Bind your input-device (mouse/keyboard)

cat <<EOT >> /etc/pve/lxc/${ctid}.conf
lxc.mount.entry: /dev/input dev/input none bind,optional,create=dir
lxc.cgroup2.devices.allow: c 13:* rwm
EOT

Bind fuse

cat <<EOT >> /etc/pve/lxc/${ctid}.conf
lxc.mount.entry: /dev/fuse dev/fuse none bind,create=file,optional
lxc.cgroup2.devices.allow: c 10:229 rwm
lxc.mount.auto: cgroup:rw
lxc.mount.auto: sys:rw
EOT

Bind sound-device to container

cat <<EOT >> /etc/pve/lxc/${ctid}.conf
lxc.mount.entry: /dev/snd dev/snd none bind,optional,create=dir
lxc.cgroup2.devices.allow: c 116:* rwm
EOT

Modify configuration.nix

pct start ${ctid}
pct enter ${ctid}

In the container shell:

source /etc/set-environment
nano /etc/nixos/configuration.nix

Replace the configuration with:

{ config, modulesPath, pkgs, lib, ... }:
{
  imports = [ (modulesPath + "/virtualisation/proxmox-lxc.nix") ];
  nix.settings = { sandbox = false; };  
  systemd.network.wait-online.enable = false;
  security.pam.services.sshd.allowNullPassword = true;
  services.openssh = {
    enable = true;
    openFirewall = true;
    settings = {
        PermitRootLogin = "yes";
        PasswordAuthentication = true;
        PermitEmptyPasswords = "yes";
    };
  };

  proxmoxLXC = {
    privileged = true;
    manageNetwork = false;
    manageHostName = false;
  };

  services.desktopManager.plasma6 = { 
      enable = true; 
  };

  hardware.graphics = {
    enable = true;
  };

  users.users.system = {
    isNormalUser = true;
    home = "/home/system";
    description = "System user";
    extraGroups = [ "wheel" "networkmanager" ];
    shell = pkgs.bash;
    initialPassword = "Passw0rd!";
  };

  services.displayManager = {
    enable = true;
    sddm = {
      enable = true;
      wayland.enable = true;
      settings = {
        Autologin = {
          Session = "plasma.desktop";
          User = "system";
        };
      };
    };
  };

   # networkd depends on this, but systemd module disables this for containers
  systemd.additionalUpstreamSystemUnits = [ "systemd-udev-trigger.service" ];

  systemd.services.systemd-rfkill = {
    wantedBy = lib.mkForce [];
    enable = false;
  };

  environment.systemPackages = with pkgs; [
    pkgs.chromium
  ];  

  system.stateVersion = "24.11";
}

Run:

ifconfig eth0 up
nixos-rebuild switch
reboot now

If this procedure worked, you should see Plasma desktop starting on the monitor of your Proxmox physical machine.
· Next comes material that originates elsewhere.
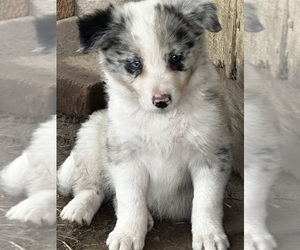 Border Collie Puppy for sale in OTTUMWA, IA, USA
The environment is created with a user "system" and password "Passw0rd!". Sometimes you need to switch TTY to see your shell again (<CTRL> <SHIFT> 1). The desktop environment is on TTY7 (<CTRL> <SHIFT> 7). Or use "chvt" on your proxmox host.

If you change the configuration.nix file and want to switch, don't forget to use "sudo".